▶ [ASSIGNED TASK]: Please transcribe, exactly and only, the lines of the records below from the one holding "Rugged Armor Case" to the very end.

▶ [Short text fragments from websites]:
........

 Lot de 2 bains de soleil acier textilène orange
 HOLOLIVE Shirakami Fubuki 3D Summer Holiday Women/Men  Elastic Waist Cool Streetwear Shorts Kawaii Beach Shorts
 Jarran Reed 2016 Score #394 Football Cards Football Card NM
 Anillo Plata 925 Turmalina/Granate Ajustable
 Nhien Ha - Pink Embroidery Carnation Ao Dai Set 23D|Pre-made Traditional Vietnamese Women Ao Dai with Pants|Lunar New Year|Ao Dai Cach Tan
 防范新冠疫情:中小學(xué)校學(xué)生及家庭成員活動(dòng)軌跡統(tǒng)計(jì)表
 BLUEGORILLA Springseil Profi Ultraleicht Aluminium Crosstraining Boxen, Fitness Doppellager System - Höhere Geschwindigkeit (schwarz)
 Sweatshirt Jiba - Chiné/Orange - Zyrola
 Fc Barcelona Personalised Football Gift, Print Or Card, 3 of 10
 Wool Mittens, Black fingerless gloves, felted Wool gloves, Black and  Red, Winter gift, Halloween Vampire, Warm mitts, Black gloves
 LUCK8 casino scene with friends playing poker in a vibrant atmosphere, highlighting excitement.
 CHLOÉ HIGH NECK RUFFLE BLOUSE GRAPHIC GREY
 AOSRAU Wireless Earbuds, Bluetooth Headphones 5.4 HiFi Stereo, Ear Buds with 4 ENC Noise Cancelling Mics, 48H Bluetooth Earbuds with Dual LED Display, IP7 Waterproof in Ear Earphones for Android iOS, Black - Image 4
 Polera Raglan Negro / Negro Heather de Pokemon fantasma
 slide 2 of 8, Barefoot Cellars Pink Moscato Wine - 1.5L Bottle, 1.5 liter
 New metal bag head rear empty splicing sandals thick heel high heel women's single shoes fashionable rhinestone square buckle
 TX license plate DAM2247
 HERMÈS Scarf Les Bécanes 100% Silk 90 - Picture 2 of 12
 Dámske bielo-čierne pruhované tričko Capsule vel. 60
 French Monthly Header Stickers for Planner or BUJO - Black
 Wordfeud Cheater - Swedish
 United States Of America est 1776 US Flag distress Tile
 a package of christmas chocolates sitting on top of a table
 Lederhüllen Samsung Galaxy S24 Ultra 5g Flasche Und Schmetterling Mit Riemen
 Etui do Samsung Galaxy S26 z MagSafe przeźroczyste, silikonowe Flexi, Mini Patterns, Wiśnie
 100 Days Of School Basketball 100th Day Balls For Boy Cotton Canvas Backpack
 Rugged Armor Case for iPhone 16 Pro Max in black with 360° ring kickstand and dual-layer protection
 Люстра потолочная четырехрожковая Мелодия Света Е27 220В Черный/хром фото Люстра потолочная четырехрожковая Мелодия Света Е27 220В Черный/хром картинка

........

▶ [WRITTEN RESPONSE]:
 Rugged Armor Case for iPhone 16 Pro Max in black with 360° ring kickstand and dual-layer protection
 Люстра потолочная четырехрожковая Мелодия Света Е27 220В Черный/хром фото Люстра потолочная четырехрожковая Мелодия Света Е27 220В Черный/хром картинка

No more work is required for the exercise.